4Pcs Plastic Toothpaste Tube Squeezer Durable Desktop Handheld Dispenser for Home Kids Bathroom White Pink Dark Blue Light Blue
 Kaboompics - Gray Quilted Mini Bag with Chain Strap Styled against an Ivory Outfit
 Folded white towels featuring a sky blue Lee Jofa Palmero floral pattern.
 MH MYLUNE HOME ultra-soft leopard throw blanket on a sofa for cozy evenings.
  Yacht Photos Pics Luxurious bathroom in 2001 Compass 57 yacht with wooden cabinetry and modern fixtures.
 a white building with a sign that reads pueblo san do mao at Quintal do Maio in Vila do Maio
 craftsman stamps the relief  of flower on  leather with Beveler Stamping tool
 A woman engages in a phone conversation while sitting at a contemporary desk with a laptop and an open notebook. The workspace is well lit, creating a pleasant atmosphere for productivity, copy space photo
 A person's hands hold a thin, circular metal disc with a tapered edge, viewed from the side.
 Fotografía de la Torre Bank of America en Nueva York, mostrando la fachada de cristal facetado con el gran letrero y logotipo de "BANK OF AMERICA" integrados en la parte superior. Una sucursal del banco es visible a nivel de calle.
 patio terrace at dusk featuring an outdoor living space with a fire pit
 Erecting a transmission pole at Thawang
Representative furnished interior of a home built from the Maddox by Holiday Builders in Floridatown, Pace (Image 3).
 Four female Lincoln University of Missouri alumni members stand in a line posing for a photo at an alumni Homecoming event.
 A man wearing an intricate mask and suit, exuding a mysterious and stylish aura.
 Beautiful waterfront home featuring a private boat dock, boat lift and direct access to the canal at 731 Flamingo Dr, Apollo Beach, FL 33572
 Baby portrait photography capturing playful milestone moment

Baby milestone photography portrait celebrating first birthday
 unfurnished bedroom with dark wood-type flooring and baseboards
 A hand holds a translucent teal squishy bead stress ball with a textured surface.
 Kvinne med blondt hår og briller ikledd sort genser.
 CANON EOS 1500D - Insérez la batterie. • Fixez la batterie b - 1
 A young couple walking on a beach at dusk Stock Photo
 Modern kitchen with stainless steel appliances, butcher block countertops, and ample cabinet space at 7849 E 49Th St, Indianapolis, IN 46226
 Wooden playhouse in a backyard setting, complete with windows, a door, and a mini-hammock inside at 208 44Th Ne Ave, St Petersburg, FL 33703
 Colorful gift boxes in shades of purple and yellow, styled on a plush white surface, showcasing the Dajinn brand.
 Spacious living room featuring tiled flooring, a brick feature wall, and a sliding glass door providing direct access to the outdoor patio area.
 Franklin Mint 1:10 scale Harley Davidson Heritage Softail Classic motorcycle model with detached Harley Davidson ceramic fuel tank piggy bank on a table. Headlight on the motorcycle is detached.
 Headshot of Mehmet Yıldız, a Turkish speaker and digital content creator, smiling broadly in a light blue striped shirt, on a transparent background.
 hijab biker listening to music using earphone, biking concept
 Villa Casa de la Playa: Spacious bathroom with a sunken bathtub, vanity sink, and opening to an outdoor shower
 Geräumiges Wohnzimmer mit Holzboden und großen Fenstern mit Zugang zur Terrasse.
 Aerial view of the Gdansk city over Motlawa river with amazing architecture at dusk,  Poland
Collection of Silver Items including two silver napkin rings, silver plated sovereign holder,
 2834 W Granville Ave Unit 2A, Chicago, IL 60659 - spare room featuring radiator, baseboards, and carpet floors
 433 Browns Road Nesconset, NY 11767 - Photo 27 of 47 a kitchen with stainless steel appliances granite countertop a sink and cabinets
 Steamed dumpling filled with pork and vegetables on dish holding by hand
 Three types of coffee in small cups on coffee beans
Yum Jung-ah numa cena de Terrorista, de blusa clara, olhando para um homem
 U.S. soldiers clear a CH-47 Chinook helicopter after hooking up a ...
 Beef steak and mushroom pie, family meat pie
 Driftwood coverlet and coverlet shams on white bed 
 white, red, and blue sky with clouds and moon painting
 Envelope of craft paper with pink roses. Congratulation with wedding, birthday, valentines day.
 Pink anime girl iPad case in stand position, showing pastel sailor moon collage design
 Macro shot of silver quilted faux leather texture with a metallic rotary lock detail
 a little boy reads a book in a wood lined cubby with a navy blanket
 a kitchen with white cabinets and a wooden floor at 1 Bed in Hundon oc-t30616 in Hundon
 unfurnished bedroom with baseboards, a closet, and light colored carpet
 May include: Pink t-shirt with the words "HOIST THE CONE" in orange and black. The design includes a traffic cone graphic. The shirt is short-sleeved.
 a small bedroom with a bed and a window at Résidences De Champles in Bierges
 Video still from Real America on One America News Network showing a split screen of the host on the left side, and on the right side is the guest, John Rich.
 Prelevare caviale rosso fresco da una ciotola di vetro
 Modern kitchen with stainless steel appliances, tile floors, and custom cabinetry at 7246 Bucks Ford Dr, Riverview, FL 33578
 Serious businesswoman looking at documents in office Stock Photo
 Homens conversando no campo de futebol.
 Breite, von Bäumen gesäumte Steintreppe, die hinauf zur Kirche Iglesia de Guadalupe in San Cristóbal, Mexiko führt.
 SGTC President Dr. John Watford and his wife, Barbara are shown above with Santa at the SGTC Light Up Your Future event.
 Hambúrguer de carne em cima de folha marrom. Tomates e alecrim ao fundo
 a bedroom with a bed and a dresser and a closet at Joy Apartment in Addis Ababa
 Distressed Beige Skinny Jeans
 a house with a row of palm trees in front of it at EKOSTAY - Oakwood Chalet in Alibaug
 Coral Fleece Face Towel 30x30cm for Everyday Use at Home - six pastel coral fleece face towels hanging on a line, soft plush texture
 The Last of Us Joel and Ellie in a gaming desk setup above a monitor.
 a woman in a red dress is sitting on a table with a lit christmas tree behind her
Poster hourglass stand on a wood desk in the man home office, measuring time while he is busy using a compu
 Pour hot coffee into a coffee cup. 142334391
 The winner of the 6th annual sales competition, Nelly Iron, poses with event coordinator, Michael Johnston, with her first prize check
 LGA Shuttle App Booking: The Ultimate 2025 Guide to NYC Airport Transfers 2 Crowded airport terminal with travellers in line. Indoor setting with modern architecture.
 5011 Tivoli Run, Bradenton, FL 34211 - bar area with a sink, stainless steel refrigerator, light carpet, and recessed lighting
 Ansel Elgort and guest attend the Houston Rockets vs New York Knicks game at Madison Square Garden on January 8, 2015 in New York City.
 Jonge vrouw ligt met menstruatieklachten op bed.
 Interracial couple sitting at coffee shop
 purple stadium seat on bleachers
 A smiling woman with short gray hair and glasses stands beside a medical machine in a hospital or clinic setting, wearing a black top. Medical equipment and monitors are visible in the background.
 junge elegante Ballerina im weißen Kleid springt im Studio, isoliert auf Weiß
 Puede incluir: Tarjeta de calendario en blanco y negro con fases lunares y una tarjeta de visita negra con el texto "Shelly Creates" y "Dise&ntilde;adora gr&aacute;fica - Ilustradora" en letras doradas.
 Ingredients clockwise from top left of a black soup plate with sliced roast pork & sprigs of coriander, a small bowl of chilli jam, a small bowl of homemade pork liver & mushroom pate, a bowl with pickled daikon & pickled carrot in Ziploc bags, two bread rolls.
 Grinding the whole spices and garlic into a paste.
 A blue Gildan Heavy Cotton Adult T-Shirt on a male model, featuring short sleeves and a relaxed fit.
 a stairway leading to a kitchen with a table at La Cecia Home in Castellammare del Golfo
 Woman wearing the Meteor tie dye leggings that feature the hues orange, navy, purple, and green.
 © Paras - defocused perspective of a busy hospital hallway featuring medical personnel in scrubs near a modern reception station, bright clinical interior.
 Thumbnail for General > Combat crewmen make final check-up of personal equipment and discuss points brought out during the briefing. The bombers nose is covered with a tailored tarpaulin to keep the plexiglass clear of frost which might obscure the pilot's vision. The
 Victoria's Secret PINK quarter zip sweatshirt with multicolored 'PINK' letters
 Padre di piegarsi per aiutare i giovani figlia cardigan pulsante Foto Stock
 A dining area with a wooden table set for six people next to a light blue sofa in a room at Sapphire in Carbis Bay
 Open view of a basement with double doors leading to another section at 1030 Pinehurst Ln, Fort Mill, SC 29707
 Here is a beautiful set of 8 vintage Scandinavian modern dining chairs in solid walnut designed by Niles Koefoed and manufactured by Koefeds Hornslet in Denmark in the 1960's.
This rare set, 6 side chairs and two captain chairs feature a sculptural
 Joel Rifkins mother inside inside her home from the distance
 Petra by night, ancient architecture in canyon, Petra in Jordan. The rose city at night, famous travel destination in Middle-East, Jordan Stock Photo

*WORK ORDER*:
In the listing above, find the line with "Jonge vrouw ligt" and the line with "A smiling woman", then print exactly those two lines and every line between them, and nothing more.

*SOLUTION BELOW*:
 Jonge vrouw ligt met menstruatieklachten op bed.
 Interracial couple sitting at coffee shop
 purple stadium seat on bleachers
 A smiling woman with short gray hair and glasses stands beside a medical machine in a hospital or clinic setting, wearing a black top. Medical equipment and monitors are visible in the background.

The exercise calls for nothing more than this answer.